The IMF had previously pledged to conduct a “thorough, objective and timely review” of the allegations against Georgieva. Last week, after the WilmerHale audit was published, Georgieva said she disagreed with the findings and told fund staff at one town hall that she asked staff to recheck or recheck the data, but never change its final message.

The IMF press service declined to comment on the letter. WilmerHale did not immediately respond to a request for comment.

In the letter, Georgieva said that his participation in the review of the Doing Business report was part of his role in overseeing the department that produced it.

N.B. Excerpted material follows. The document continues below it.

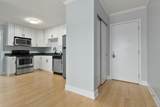 1397-15 Broadview Avenue - Photo 2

She said she “asked the team to thoroughly check every data point and judgment applied to the ranking to make sure we were on a solid footing. I also asked the team to respond to the rankings. complaints from many members that their reforms did not result in higher rankings. ”

Georgieva said he later learned that the Doing Business team “decided to make some changes to the Chinese data, which affected its ranking.” In the end, China’s ranking stayed the same as the year before instead of going down, although it did not rise, Georgieva wrote.

Georgieva wrote in the letter that the audit contains “many other claims, innuendos and assumptions” that are false.